Volkswagen électrique made in Chine : une stratégie astucieuse pour redéfinir l'import en Europe
Ah, Volkswagen, la marque qui a bercé des générations de conducteurs avec ses modèles iconiques, se transforme et, ô surprise, choisit de faire venir ses voitures écolo made in China! Qui aurait cru que l'Allemagne, pays de la saucisse et de l'accès à l'électricité, se métamorphoserait ainsi en importateur de véhicules. C'est à se demander si, à Wolfsburg, on a décidé de mettre les barbecues au placard pour se tourner vers les champs de riz.
Une stratégie plus que judicieuse
En plein milieu d'une Jungle automobile où les prix se battent comme des gladiateurs dans une arène romaine, Volkswagen a compris qu'il fallait improviser. L'industrie automobile, en pleine mutation, pousse tout le monde à réduire ses coûts, sauf, bien sûr, ces soirées interminables sur les routes allemandes. Ainsi, la décision d'importer des véhicules électriques conçus pour le marché chinois apparaît comme l'éclat d'une ampoule dans l’obscurité d’une route sans issue.
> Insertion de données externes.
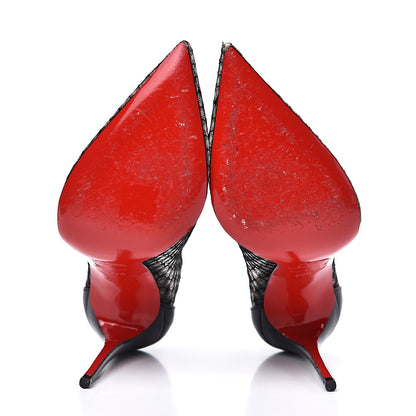 Christian Louboutin Nappa Bas Resille Follies Lace 100 Pumps 38.5 Black 5 of 9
Vocation de la nouvelle gamme
Oliver Blume, le grand manitou de Volkswagen, s'avance comme un héros sur le seuil du champ de bataille, clamant qu'ils ne viendront pas cannibaliser les véhicules déjà bien aimés des européens. Non, non, rassurez-vous! Ces nouveaux modèles viseront des niches que même les rongeurs éviteraient par ennui. Seulement les SUV et autres bijections sur roues destinées aux aficionados d’un espace de stockage digne d’un camion de déménagement.
Alors qu’on assiste à une réduction drastique de la gamme européenne, le groupe allemande vient balayer ces palpitantes annonces : "Nous introduirons des produits là où aucune autosatisfaction n’existe!" C’est charmant, vraiment, comme un type qui se propose de faire la vaisselle après un repas beaucoup trop arrosé.
Une réponse aux défis économiques
Face à la tempête économique et à l'ogre chinois dont les prix font trembler les vestiges d’un vieux continent, Volkswagen joue la carte de la résilience. En Chine, on devient un acteur local, prêt à tirer les ficelles dans une danse aussi sinueuse qu’un serpent. Ce grand mouvement s’inscrit dans une dynamique où l’Europe doit garder le cap tout en ajustant ses voiles et raflant les opportunités exportables. Qui aurait cru que des modèles de pointure 40, conçus pour le public asiatique, se transformeraient en nouvelles icônes de la route européenne?
L'enjeu de l'emploi en Europe
Et parlons un peu des emplois. Oui, cette fois, grâce à cette sage aventure d'importation, on nous promet du salut pour les ouvriers de l'industrie automobile. Ironie du sort ou générosité inattendue? Une production locale pourrait bien émerger des cendres de l’incertitude. Étonnant comme cette décision rappelle un vieux conte où le héros décide d’apporter de l’eau tant nécessaire au moulin après avoir laissé fuir la pompe pendant des années.
Dans ce ballet entre tradition et innovation, Volkswagen parvient à camoufler la suppression savante de 50 % de sa gamme européenne. C’est l’équivalent d’un magicien qui vous fait disparaître un lapin sous vos yeux, tout en vous proposant de déguster un excellent sandwich au concombre.
Avec un sourire, le géant automobile se doit d'être le champion de l'inattendu. La transformation s'opère, et qui sait? Peut-être que le vieux pays d'Europe finira par apprendre quelques subtilités de China Town. En attendant, c'est un jeu d'échecs où, espérons-le, l'intelligence stratégique ne perd pas son roi trop rapidement.